= What to produce =
Every line below must be reproduced exactly. Copy them all.
____
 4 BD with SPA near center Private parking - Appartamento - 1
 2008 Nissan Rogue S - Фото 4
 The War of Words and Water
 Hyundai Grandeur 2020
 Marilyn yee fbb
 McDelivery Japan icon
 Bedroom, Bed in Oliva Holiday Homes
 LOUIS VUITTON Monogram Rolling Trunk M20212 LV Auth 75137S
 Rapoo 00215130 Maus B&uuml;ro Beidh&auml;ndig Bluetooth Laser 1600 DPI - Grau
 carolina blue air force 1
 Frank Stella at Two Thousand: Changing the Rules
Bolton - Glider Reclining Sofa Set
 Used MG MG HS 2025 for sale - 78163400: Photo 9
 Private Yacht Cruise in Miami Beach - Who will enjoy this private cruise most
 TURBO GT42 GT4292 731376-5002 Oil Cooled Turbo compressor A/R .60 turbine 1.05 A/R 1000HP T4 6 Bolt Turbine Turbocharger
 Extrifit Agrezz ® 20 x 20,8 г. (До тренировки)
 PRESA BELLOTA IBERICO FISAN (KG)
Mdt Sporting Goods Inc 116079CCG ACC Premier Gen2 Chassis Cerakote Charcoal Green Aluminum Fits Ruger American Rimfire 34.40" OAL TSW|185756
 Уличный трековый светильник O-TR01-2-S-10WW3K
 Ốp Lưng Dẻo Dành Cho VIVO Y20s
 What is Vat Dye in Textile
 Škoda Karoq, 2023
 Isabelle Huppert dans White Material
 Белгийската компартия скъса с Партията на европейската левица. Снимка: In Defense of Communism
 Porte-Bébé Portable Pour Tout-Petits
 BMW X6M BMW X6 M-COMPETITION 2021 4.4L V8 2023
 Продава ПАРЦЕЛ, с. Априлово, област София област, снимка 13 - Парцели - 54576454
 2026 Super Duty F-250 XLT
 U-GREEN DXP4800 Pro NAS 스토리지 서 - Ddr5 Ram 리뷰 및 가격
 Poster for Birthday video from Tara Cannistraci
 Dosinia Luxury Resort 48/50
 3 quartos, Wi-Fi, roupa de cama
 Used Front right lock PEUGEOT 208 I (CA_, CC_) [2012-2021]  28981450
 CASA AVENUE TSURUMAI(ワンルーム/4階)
____
= Result =
 4 BD with SPA near center Private parking - Appartamento - 1
 2008 Nissan Rogue S - Фото 4
 The War of Words and Water
 Hyundai Grandeur 2020
 Marilyn yee fbb
 McDelivery Japan icon
 Bedroom, Bed in Oliva Holiday Homes
 LOUIS VUITTON Monogram Rolling Trunk M20212 LV Auth 75137S
 Rapoo 00215130 Maus B&uuml;ro Beidh&auml;ndig Bluetooth Laser 1600 DPI - Grau
 carolina blue air force 1
 Frank Stella at Two Thousand: Changing the Rules
Bolton - Glider Reclining Sofa Set
 Used MG MG HS 2025 for sale - 78163400: Photo 9
 Private Yacht Cruise in Miami Beach - Who will enjoy this private cruise most
 TURBO GT42 GT4292 731376-5002 Oil Cooled Turbo compressor A/R .60 turbine 1.05 A/R 1000HP T4 6 Bolt Turbine Turbocharger
 Extrifit Agrezz ® 20 x 20,8 г. (До тренировки)
 PRESA BELLOTA IBERICO FISAN (KG)
Mdt Sporting Goods Inc 116079CCG ACC Premier Gen2 Chassis Cerakote Charcoal Green Aluminum Fits Ruger American Rimfire 34.40" OAL TSW|185756
 Уличный трековый светильник O-TR01-2-S-10WW3K
 Ốp Lưng Dẻo Dành Cho VIVO Y20s
 What is Vat Dye in Textile
 Škoda Karoq, 2023
 Isabelle Huppert dans White Material
 Белгийската компартия скъса с Партията на европейската левица. Снимка: In Defense of Communism
 Porte-Bébé Portable Pour Tout-Petits
 BMW X6M BMW X6 M-COMPETITION 2021 4.4L V8 2023
 Продава ПАРЦЕЛ, с. Априлово, област София област, снимка 13 - Парцели - 54576454
 2026 Super Duty F-250 XLT
 U-GREEN DXP4800 Pro NAS 스토리지 서 - Ddr5 Ram 리뷰 및 가격
 Poster for Birthday video from Tara Cannistraci
 Dosinia Luxury Resort 48/50
 3 quartos, Wi-Fi, roupa de cama
 Used Front right lock PEUGEOT 208 I (CA_, CC_) [2012-2021]  28981450
 CASA AVENUE TSURUMAI(ワンルーム/4階)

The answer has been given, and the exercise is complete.